● **Brief descriptive captions**:

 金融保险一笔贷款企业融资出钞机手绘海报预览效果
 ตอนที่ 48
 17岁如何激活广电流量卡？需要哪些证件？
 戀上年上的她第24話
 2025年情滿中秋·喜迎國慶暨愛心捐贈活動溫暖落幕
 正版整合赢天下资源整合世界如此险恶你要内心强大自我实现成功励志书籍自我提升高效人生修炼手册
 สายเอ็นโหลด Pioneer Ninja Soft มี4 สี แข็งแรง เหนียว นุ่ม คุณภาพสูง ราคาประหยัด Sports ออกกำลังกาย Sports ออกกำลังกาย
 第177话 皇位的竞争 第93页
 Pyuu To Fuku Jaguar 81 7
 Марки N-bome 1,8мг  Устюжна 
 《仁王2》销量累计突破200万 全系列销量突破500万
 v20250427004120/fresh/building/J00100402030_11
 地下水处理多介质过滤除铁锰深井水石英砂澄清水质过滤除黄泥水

● **Instructions to follow**:
Reply with the lines from the first line of the entries through the line that contains "สายเอ็นโหลด Pioneer Ninja", repeated exactly with both ends kept, and with nothing else.

● **Written answer**:
 金融保险一笔贷款企业融资出钞机手绘海报预览效果
 ตอนที่ 48
 17岁如何激活广电流量卡？需要哪些证件？
 戀上年上的她第24話
 2025年情滿中秋·喜迎國慶暨愛心捐贈活動溫暖落幕
 正版整合赢天下资源整合世界如此险恶你要内心强大自我实现成功励志书籍自我提升高效人生修炼手册
 สายเอ็นโหลด Pioneer Ninja Soft มี4 สี แข็งแรง เหนียว นุ่ม คุณภาพสูง ราคาประหยัด Sports ออกกำลังกาย Sports ออกกำลังกาย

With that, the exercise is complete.